RSTP is enabled on both routers and downstream switches.
Additional note: the VRRP crossover cable is made by 2 downstream switches in Fully Redundant design: https://documentation.meraki.com/MX/Deployment_Guides/MX_Warm_Spare_-_High_Availability_Pair
Thanks for help.
Maybe it's flapped and they're both trying to take over as master. You can check Warm Spare Design on this link:
https://www.willette.works/mx-warm-spare/
We are using Fully Redundant (Multiple Switches) design: https://documentation.meraki.com/MX/Deployment_Guides/MX_Warm_Spare_-_High_Availability_Pair
The crossover VRRP link is made by switches, not by MXs
This is a piece of log:
Is STP enabled on switches?
yes
The MX Lan ports are configured as a Trunk or Access? If it is configured as a trunk, try to change Native Vlan to (drop untagged traffic).
Nice idea, let me check.
Access - Untagged VLAN1 management on both sides
Ethernet port carrier change means the MX thinks the Ethernet ports are physically going down. It could be a cable issue.

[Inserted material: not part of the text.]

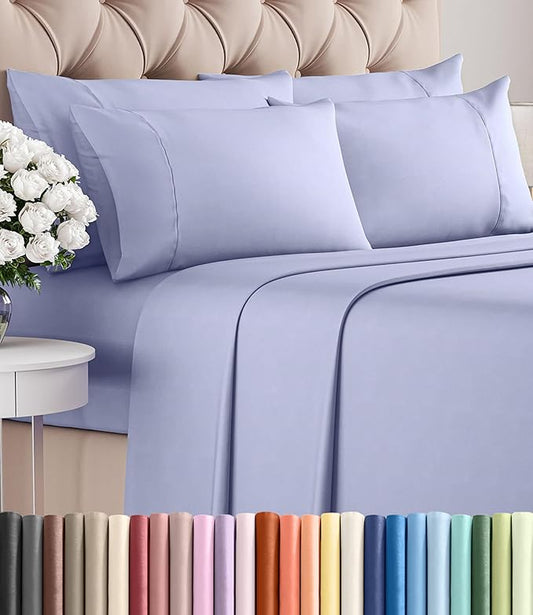 Cal King 6 Piece Sheet Set - Comfy Breathable & Cooling - Hotel Luxury Bedding for Women, Men, Kids, Teens & Children - 1 Flat & 1 Fitted Sheet & 4 Pillowcases w/ Deep Pockets, Wrinkle Free - Lavender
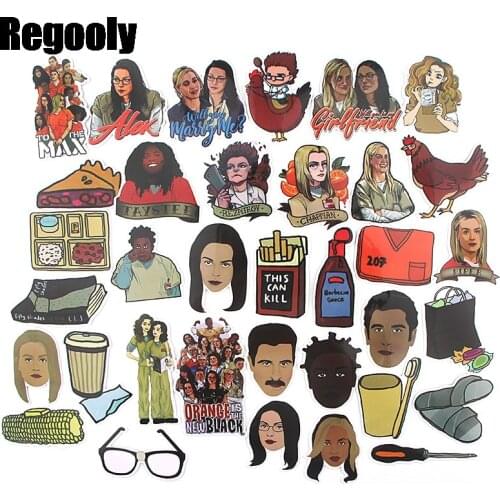 35pcs Womens prison Stickers decal scrapbooking diy pasters home decoration phone laptop waterproof cartoon accessories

It could be.. but on 2 different port? Port3 and port4?
We have a similar issue on our MX75, although we don't have HA. The primary WAN link drops with "Ethernet port carrier change". We've raised this with Meraki and our ISP. We placed a managed unconfigured switch on the WAN side of the MX between it, and the ISP router. We see drops for the MX side of the link.
Meraki have said it is a faulty unit and they are going to replace it for us.
May not be germane to your issue but I figure I'd mention it:
On a client's MX84 I was seeing frequent flaps of not only both uplinks but also the active LAN ports. Turns out the AnyConnect service was getting hammered by malicious actors and spiking the CPU to 100%, which caused the flap. Moving AnyConnect to a different port solved the problem.
Sure? This customer does not have an AnyConnect license and does not use it.
Summary reports says that device utilization is under 20% in the last week and CPU data are insufficient.
Still having uplink down/up for 20 seconds: I'm just thinking the problem is related to STP , I could remove the closed loop cable on switch for some days.
I had to get the CPU utilization figure from support. In my case, I had all active ports flapping, not just the WAN links, so if you are only seeing it on the WAN side I'd assume the issue isn't the same. Just figured I'd mention it.